Another thing to consider is our identity in a world that often blurs into the life of the church – the world of materialism and success and growth and prosperity is awfully easy to emulate in the life of the church. Barbara Brown Taylor sees in the stories of Jesus and Stephen a common thread of uncomfortable truth about what constitutes “Christian success,” and what doesn’t: it’s “not converting other people to our way of thinking; not having the oldest, prettiest church in town; not even going out of our ways to be kind and generous, but telling the truth so clearly that some people want to kill us for it” (Home by Another Way). Do we try to imitate the methods and tactics of the world around us when we take on the challenges of church life, or do we seek other sources of wisdom and strength? What are the boundaries that define us? How does the word “boundary” strike us when we talk about the church?
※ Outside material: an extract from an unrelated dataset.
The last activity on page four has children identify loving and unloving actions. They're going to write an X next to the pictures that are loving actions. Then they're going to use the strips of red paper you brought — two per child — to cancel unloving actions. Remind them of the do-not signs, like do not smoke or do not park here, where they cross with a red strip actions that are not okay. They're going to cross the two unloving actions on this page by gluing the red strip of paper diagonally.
What makes us a distinctive people? In what ways could a visitor tell the difference between your church and the surrounding culture? On the other hand, in what ways might the surrounding culture have valuable gifts and support for our life in the church? In what ways do we – must we – stand apart and declare ourselves different? When have you experienced the church as “the headlights” and when has it been “the tail lights” in the journey toward justice and righteousness, as Dr. King once said? In other words, when has the surrounding culture led the way and the church, ironically, had to catch up? (One might think, for example, of the ordination of women.) How has the Stillspeaking God, at times, spoken to the church through outsiders? (Think of the ancient example of Ruth, the Moabite widow, speaking to Naomi, and imaging the unconditional and persistent love of God for her.)
When have you and your congregation experienced the Stillspeaking God as a refuge, a rock, a fortress? What is the call that you hear, like Stephen, that impels you to preach? Is it ironic that, in these readings, “stones” can build but they can also kill? Who really lived and who really died in the story of Stephen? Where is true life in this story, and where is death?
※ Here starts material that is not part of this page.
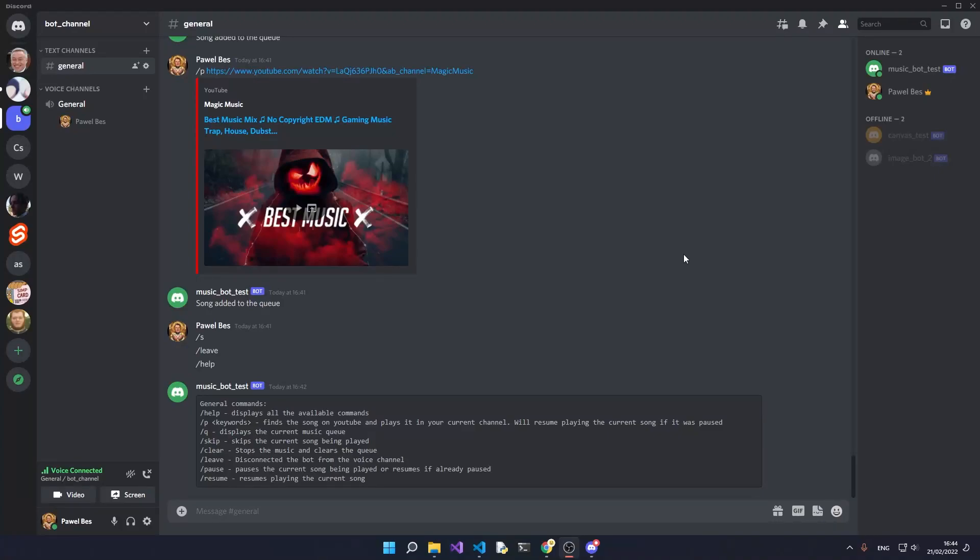Hello everyone. Today we're making a music Discord bot using Discord.py. The bot is going to include all of the most popular features such as playing, pausing, resuming, adding to queues, clearing the queues, and skipping music.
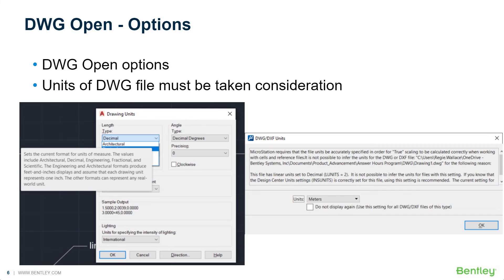MicroStation has always used units in DGN files — every design file always has units. When a DWG file is opened, from V8 going forward through Connect Edition, it must also have units. So we let users tell MicroStation what units to use when opening a DWG file, as shown in the right screenshot. This also applies when attaching a DGN file — the working units of the master file must be taken into consideration for scaling and location of the reference file, and we'll see that in a demonstration shortly. The same applies when attaching a DWG file as a reference.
In his commentary, The Cultural World of Jesus Year A, John Pilch turns to John Dominic Crossan’s translation of the familiar “I am the way…” verse from John: “I am the authentic (truth) vision (way) of existence (life).” Pilch says that Jesus embodies and “demonstrates absolute, total, and universal love” for all and his “life, teaching, and behavior do indeed present people with ‘an authentic vision of human existence,’ that is, a model of the way human life ought to be lived” in order to “encounter God, who is Love.” This was a consoling message to the early Jewish Christians, who could have experienced great anxiety over losing their spiritual home (the synagogue) because of their belief in Jesus. How is it a consoling message to members of your church, and the wider church, today, and how do you hope to embody that witness to world that desperately needs good news?
Preachers might put this passage in context in two different ways: these words of Jesus, spoken at the Last Supper, are his farewell speech to his followers, but they’re also heard by us on this Fifth Sunday of Easter, one week after we reflected on the familiar words of Psalm 23 that sing of God’s tender, loving care for us. Holding both of those settings in our hearts and minds, we hear these words in new and more profound ways, not as a litmus test for determining who is saved, and who isn’t.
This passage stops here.